3. Enhanced Impact Reporting for Social Enterprises (Regulation 91E)
- Under the amended Regulation 91E, SEBI has introduced enhanced impact reporting requirements for social enterprises. The terminology has been updated to replace the word “Firm” with “Organization” for consistency. Impact assessments must now be carried out by Social Impact Assessors in respect of listed projects, while non-listed projects may be self-certified.

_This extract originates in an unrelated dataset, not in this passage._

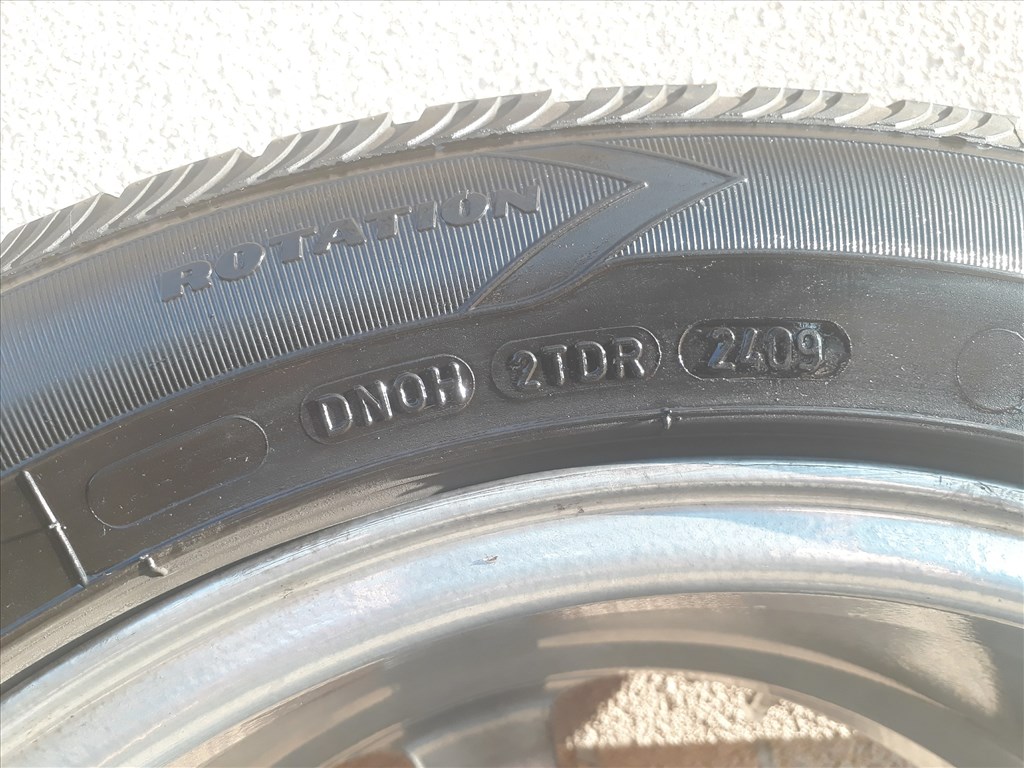  4x108 lyukosztású 16" felújított Borbet alufelni, rajta 225/55 használt Fulda nyári gumi gumi  5. kép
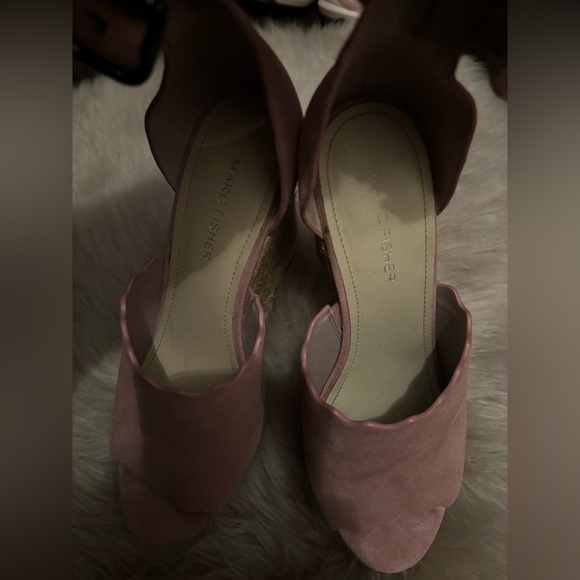 Marc Fisher Pink Suede Sandals Size 8.5 Haya Scallop Espadrilles Wedges Heels - Picture 3 of 4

- In addition, annual impact reports are required to demonstrate that at least two-thirds (67%) of the programme expenditure in the preceding financial year resulted in measurable social impact. Social enterprises registered on a Social Stock Exchange but not raising funds are still required to submit self-certified annual impact reports. Further, Not-for-Profit Organisations registered on a Social Stock Exchange but failing to raise funds must, within two years of registration, have at least one listed project; otherwise, their registration will lapse.
- These provisions tighten accountability for entities accessing the Social Stock Exchange, ensuring that registration is tied to genuine fundraising and measurable outcomes, while discouraging passive or non-compliant registration.
4. Omission of Certain Provisos in Schedule VII
- Specific provisos under Clause B of Schedule VII have been omitted, simplifying disclosure requirements and removing exceptions that previously diluted compliance obligations.
- The removal of carve-outs reflects SEBI’s intent to ensure uniform disclosure standards without exemptions that could undermine transparency.
Broader Context
These amendments must be viewed against SEBI’s broader regulatory trajectory:
- Dematerialisation Push: Since 2018, SEBI has progressively mandated dematerialisation of securities to eliminate paper-based risks. The present amendment closes residual gaps relating to corporate actions.
- Social Stock Exchange Evolution: Introduced in 2020 and operationalised in 2022, the Social Stock Exchange framework aims to mobilise capital for social enterprises. The 2025 amendments reflect SEBI’s response to practical challenges, particularly, the need to ensure active fundraising, credible impact measurement, and avoidance of dormant registrations.
Conclusion
The Third Amendment Regulations, 2025 significantly strengthen the compliance landscape under the LODR Regulations. Listed entities must ensure strict adherence to the dematerialisation mandate, while NPOs and social enterprises operating on Social Stock Exchanges must recalibrate their disclosure practices, impact assessment mechanisms, and fundraising strategies.
For market participants, these amendments reflect SEBI’s clear focus on investor protection, transparency, and accountability. Entities should strengthen their compliance frameworks, work closely with depositories and impact assessors, and revisit project structures to ensure full alignment with the enhanced regulatory requirements.